I always meant "promotion rate" here as allocation rate. For this
discussion (and in general) in a generational collector the
application's real allocation rate is usually not very interesting.

Sorry for being imprecise.

> > In this application, given the information I have, every like
> > 1500s, there seems to be some component in the application that
> > allocates a lot of memory in a short time, and holds onto most of
> > it for its duration.
> 
> Sorry but I’m not seeing this pattern either in occupancy after or
> allocation rate views. What I do see is a systematic loss of free
> heap over time (slow memory leak??? Effects of caching???).

Let's have a look at the heap usage after gc over time for a few
collection cycle before that full gc event.

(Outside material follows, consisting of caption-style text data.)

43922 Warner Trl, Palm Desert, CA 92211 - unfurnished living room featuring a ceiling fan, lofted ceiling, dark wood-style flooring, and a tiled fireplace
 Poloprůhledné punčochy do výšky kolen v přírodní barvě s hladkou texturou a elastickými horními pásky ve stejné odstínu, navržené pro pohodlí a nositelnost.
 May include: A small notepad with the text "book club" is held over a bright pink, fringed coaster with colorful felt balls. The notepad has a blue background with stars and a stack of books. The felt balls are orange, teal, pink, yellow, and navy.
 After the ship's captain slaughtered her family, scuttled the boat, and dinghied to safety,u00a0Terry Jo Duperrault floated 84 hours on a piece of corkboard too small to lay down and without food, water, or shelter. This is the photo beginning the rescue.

Please look at http://cr.op
enjdk.java.net/~tschatzl/g1-strange-log/strange-g1-promo.png which just
shows a few of these.

I added rough linear interpolations of the heap usage after gc (so that
the slope of these lines corresponds to the promotion rates). I can see
a large, significant difference in the slopes between the collection
cycles before the full gc event (black lines) and the full gc event
(red line), while all black ones are roughly the same. :)

Note that my graphs were painted off-hand without any actual
calculation, and particular the red one looks like an underestimation
of the slope.

> As I look at all of the views in Censum I see nothing outstanding
> that leads me to believe that this Full is a by-product of some
> interaction between the collector and the application (some form of
> zombies????). Also, one certainly cannot rule out your speculation 

It does not look like there is an issue e.g. with j.l.ref.References of
any kind.

> for heap fragmentation in PLABs. I simply don’t have the data to say
> anything about that though I know it can be a huge issue. What I can
> say is that even if there is 20% waste, it can’t account for the
> amount of memory being recovered. I qualify that with, unless there 
> is a blast of barely humongous allocations taking place. I’d like to
> thing this is a waste issue but I’m suspicious. I’m also suspicious
> that it’s simply the application allocating in a burst then
> releasing. If that were the case I’d expect a much more gradual
> reduction in the live set size.
> 
> I think the answer right now is; we need more data.

Agree.

> I’ll try to get 
> the “client” to turn on the extra flags and see what that yields. I
> won’t play with plab sizing this go ‘round if you don’t mind. If
> you’re right and it is a problem with waste, then the beer is on me
> the next time we meet.
> 
> The don’t allocate arrays in size of powers of 2 is an interesting
> comment. While there are clear advantages to allocating arrays in
> size of powers of 2, I believe in that these cases are specialized
> and that I don’t generally see people dogmatically allocating this
> way.

There are cases where you probably want 2^n sized buffers, but in many,
many cases like some serialization for data transfer, it does not
matter a bit whether the output buffer can hold exactly 2^n bytes or
not, i.e. is just a bit smaller.

Of course this is something G1 should handle better by itself, but for
now that is what you can do about this.

Thanks,
  Thomas